Indian exporters hold off USD sales eyeing better returns, hurting INR

  • Indian exporters are holding back on USD sales on hopes of a further slide in the INR, eyeing a windfall as the local currency plumbs record lows in 2022.
  • The INR breached the 83 per USD mark in a dramatic fashion on 19 Oct 22, once the Reserve Bank of India stopped protecting it at 82.40 levels. It hit a record low on 20 Oct 22 and is expected to decline further to about 84.50 by the end of 2022.
  • Brokerages and bankers alike said they are advising their exporter clients to either hedge less or not at all, as predicting INR’s eventual normal range has become difficult, while the only certainty was that it would decline.
  • “We are advising exporters to hedge only partially, about 15%-20% of their exposure,” down from anything between 40%-60% during normal times, a treasury sales executive at a large private bank said.
  • The INR’s woes are many – the U.S. Federal Reserve remaining on its aggressive rate hike path, widening current and trade account deficits domestically and foreign investors continuing to dump risk assets on fears of a global recession.

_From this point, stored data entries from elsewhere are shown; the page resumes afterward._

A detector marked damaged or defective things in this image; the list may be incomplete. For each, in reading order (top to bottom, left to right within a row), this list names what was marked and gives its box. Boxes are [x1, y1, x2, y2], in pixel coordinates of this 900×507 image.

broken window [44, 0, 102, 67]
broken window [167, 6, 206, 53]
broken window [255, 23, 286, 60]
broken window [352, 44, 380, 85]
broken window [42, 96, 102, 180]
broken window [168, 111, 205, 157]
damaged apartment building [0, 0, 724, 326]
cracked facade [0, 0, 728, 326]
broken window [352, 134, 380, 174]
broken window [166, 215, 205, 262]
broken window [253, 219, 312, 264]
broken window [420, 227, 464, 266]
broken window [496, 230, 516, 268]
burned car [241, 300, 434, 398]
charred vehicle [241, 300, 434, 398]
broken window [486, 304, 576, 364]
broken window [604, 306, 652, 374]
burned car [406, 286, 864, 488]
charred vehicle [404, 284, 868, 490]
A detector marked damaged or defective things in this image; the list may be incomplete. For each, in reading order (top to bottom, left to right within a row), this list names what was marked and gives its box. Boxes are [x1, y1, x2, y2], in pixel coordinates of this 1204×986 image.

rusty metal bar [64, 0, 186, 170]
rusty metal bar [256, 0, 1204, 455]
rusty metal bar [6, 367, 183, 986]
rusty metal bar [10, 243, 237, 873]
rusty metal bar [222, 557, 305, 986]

  • A weaker INR will help exporters as it increases their earnings. So with a steady fall seen ahead, they prefer to hold on to their USD for longer.
  • To protect the INR from sharp falls, the RBI has been intervening in both the spot and forward markets.
  • The buy/sell swaps in the forward market has led to a fall in forward premiums to their lowest in more than a decade, turning USD sales even more unattractive.
  • USD/INR 1-year forward implied yield currently stands at 2.45%, declining from 3.07% earlier Oct 22 and down sharply from 4.75% at the start of 2022. The declining premium has created a shortfall in USD supply, further hurting the local unit.
  • The INR has depreciated nearly 12% against the USD, almost in line with its Asian counterparts.